Every decade or so a new computing platform takes the industry by storm. It brings with it “shiny new physics”—power and economics so seductive that enterprises are compelled to consider a leap onto this alluring new S-curve. But the new platform, while powerful, is still quite raw. It lacks many critical capabilities that enterprises have come to rely on, and will demand, in order to truly capitalize on its promise. Like the apocryphal Emperor, this new would-be ruler is naked and in dire need of clothes! Some customers will make the leap anyway, and fend for themselves with home-grown tooling and operational workarounds. But most will watch and wait for the missing functionality to be developed for the new platform.
The Caesar of modern computing platforms is the IBM mainframe. This one had it all—systems management; application management; monitoring; workload management; visibility; performance optimization; security; resource management; even virtualization. Over time successor platforms would be born of the inexorable march of semiconductor geometries, storage densities, network bandwidth and systems architecture. Mini-computers, Client-Server, Broadband Web, Virtual Infrastructure, Distributed Computing Fabrics… And with each turn of the wheel, the new platform would be held up against its predecessor and judged rather harshly for its lack of management, visibility and optimization capabilities.
While this judgment posed a stumbling block, it highlighted an opportunity for new companies who could supply the missing capabilities. These firms did not create the new platform, but they made it consumable for the enterprise, which in commercial terms is every bit as significant.
We see this cycle playing out today around Distributed Computing Fabrics—and specifically around Hadoop. Enterprises of every stripe are showing tremendous interest in this new platform. Quite a few have already taken the plunge, and even more are experimenting while waiting for Hadoop and their own operational skills to mature.
This is where Pepperdata comes in. It allows all kinds of companies, be they mainstream Fortune 50 players or avant-garde web-scale giants, to get more out of Hadoop and rely on it for more of their critical computing needs. Pepperdata has already garnered an impressive list of customers, including both early Hadoop adopters and mainstream enterprises. These customers have turned to Pepperdata for capabilities such as performance optimization, workload management and visibility—a combination that enables scalability, resource efficiency and multi-tenancy (running multiple, diverse jobs of differing types and priorities side by side) in their Hadoop infrastructures. Pepperdata’s highly granular monitoring and real-time enforcement allows them to elevate Hadoop to the status of trusted workhorse in their production environments. Which is, of course, exactly where the new platform itself aspires to be!
In past platform cycles, this kind of value has led to the creation of enduring, strategically important and extremely valuable companies. Historical examples include CA, BMC and IBM / Tivoli. More modern archetypes range from AppDynamics, New Relic and Wily (acquired by CA) to Splunk and ServiceNow. There are important differences in the functionality offered by all these companies and in their respective places in the IT value chain.
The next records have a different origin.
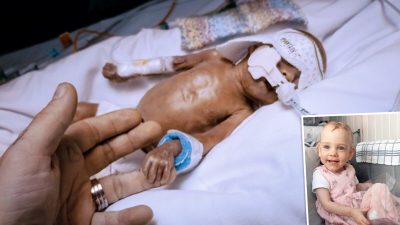 Маленькая девочка Исла Тобиас, победившая 10-процентный шанс на выживание.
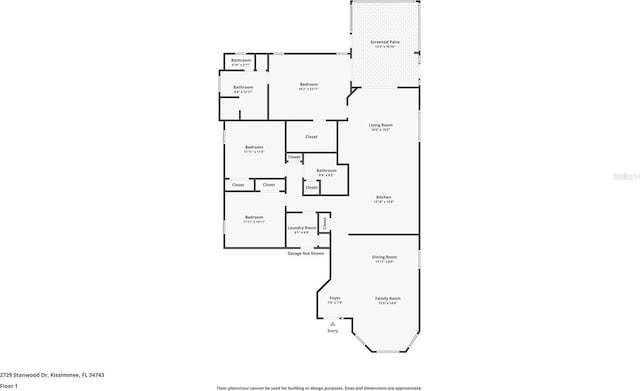 2729 Stanwood Dr, Kissimmee, FL 34743 - home floor plan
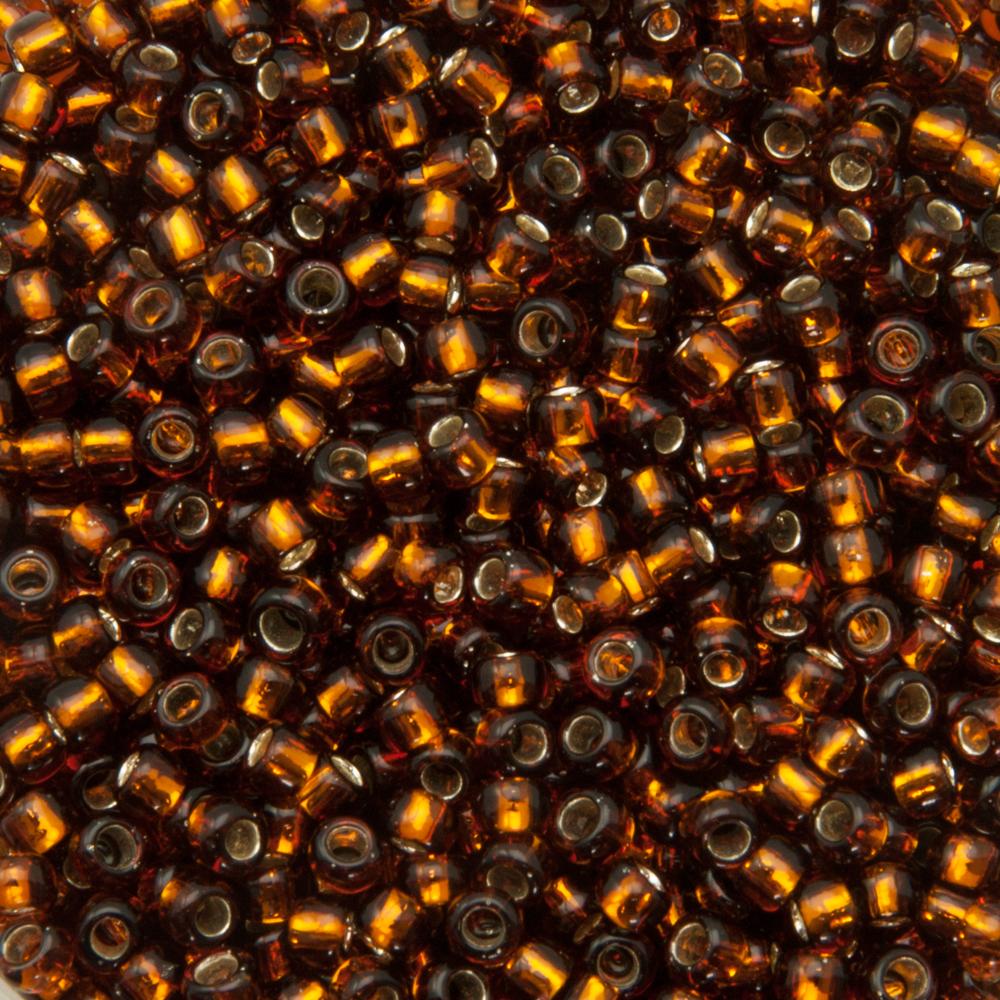 saatperlen toho 8/0 silver-lined smoky topaz (34) | 10gr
But what they have in common is their primacy in expanding the consumability of a new platform. This is a necessary and highly strategic component in how markets are created. We see Pepperdata providing that component in the Hadoop market today—and in the broader world of next-generation Distributed Computing Fabrics tomorrow.
We look forward to working with Pepperdata’s founders, Sean Suchter and Chad Carson, and the rest of their phenomenal team. This is a group with incredible depth in both the development and operation of Distributed Computing Fabrics, dating back to their seminal work at Inktomi in the 1990’s. Emperor Hadoop will soon be richly clothed!